→ **MATERIAL SHOWN**
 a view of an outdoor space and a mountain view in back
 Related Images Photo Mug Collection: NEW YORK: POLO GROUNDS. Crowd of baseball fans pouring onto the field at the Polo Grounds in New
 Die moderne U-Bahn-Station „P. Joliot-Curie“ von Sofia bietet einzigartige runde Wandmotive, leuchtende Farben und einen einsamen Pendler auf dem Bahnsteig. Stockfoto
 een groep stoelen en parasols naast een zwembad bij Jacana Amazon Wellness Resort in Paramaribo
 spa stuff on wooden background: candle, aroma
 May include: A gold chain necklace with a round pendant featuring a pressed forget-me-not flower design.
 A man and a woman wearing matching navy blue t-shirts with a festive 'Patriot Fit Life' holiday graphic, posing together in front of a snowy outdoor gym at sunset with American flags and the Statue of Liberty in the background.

→ **TASK PROMPT**
Set down each record above without changing a single word.

→ **FINAL ANSWER**
 a view of an outdoor space and a mountain view in back
 Related Images Photo Mug Collection: NEW YORK: POLO GROUNDS. Crowd of baseball fans pouring onto the field at the Polo Grounds in New
 Die moderne U-Bahn-Station „P. Joliot-Curie“ von Sofia bietet einzigartige runde Wandmotive, leuchtende Farben und einen einsamen Pendler auf dem Bahnsteig. Stockfoto
 een groep stoelen en parasols naast een zwembad bij Jacana Amazon Wellness Resort in Paramaribo
 spa stuff on wooden background: candle, aroma
 May include: A gold chain necklace with a round pendant featuring a pressed forget-me-not flower design.
 A man and a woman wearing matching navy blue t-shirts with a festive 'Patriot Fit Life' holiday graphic, posing together in front of a snowy outdoor gym at sunset with American flags and the Statue of Liberty in the background.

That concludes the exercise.